# [What this task involves]
What you should give back is a precise copy of the lines below from the one containing "roses, herbarium, dried flowers" through the one containing "Shawn Mendes: Live in Concert Poster", with no pictures.

# [Record set]
- - - - -
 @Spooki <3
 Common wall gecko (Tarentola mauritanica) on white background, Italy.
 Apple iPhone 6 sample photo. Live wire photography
- - - - -
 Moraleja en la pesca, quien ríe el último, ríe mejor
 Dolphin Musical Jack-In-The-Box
- - - - -
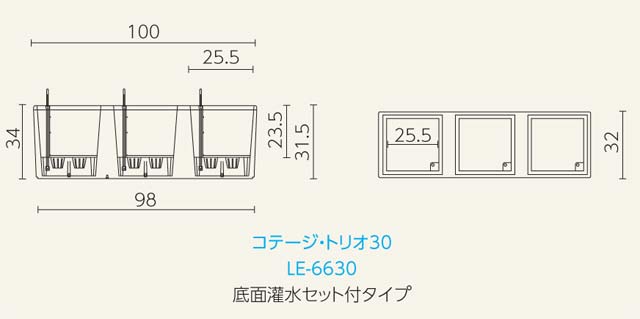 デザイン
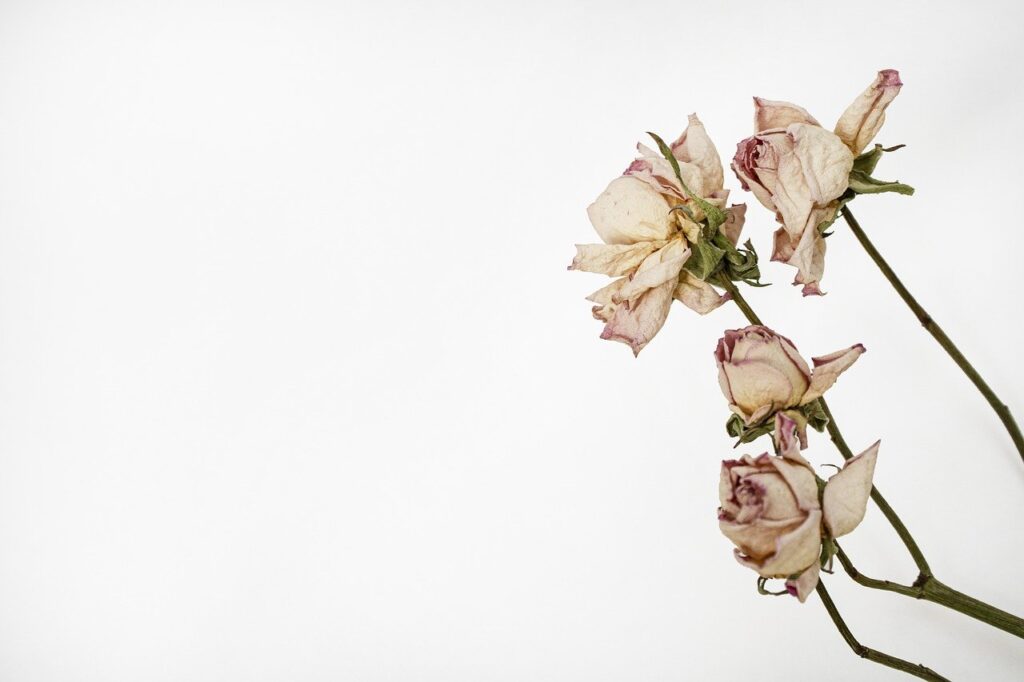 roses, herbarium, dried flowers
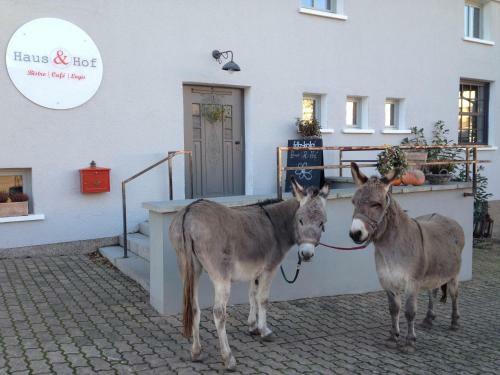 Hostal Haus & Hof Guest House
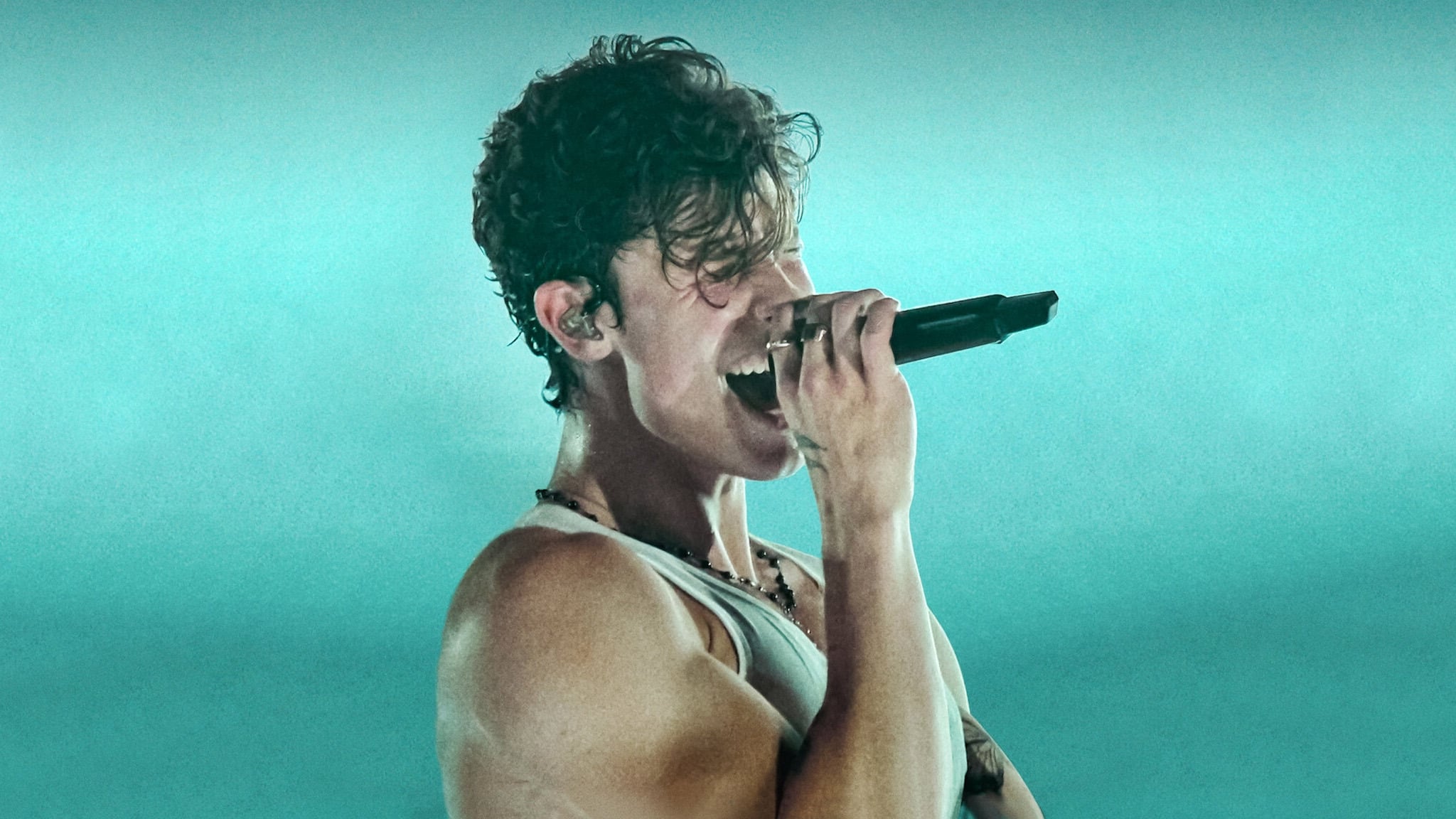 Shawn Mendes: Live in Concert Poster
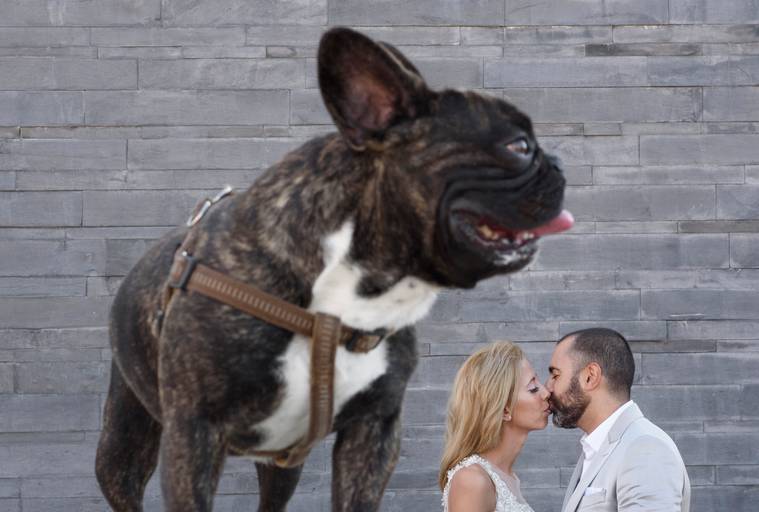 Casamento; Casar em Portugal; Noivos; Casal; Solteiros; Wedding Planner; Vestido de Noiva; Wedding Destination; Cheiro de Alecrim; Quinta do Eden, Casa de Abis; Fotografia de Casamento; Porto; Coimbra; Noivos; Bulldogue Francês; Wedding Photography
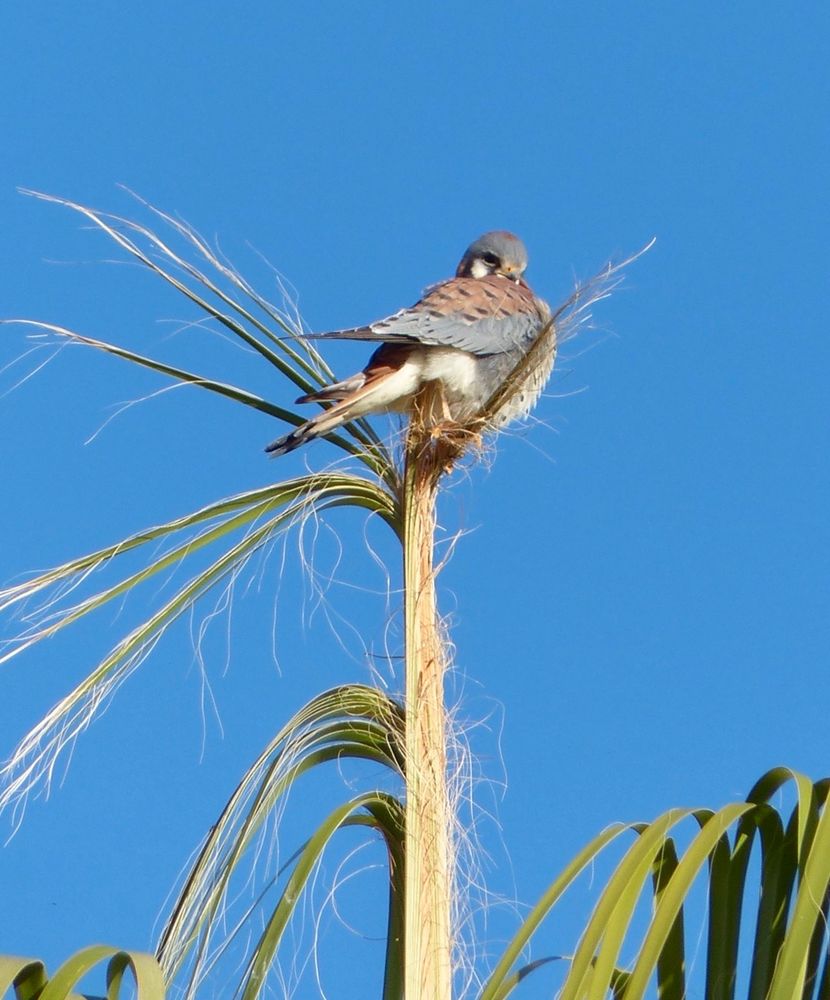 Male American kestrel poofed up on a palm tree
- - - - -
# [Completed exercise]
 roses, herbarium, dried flowers
 Hostal Haus & Hof Guest House
 Shawn Mendes: Live in Concert Poster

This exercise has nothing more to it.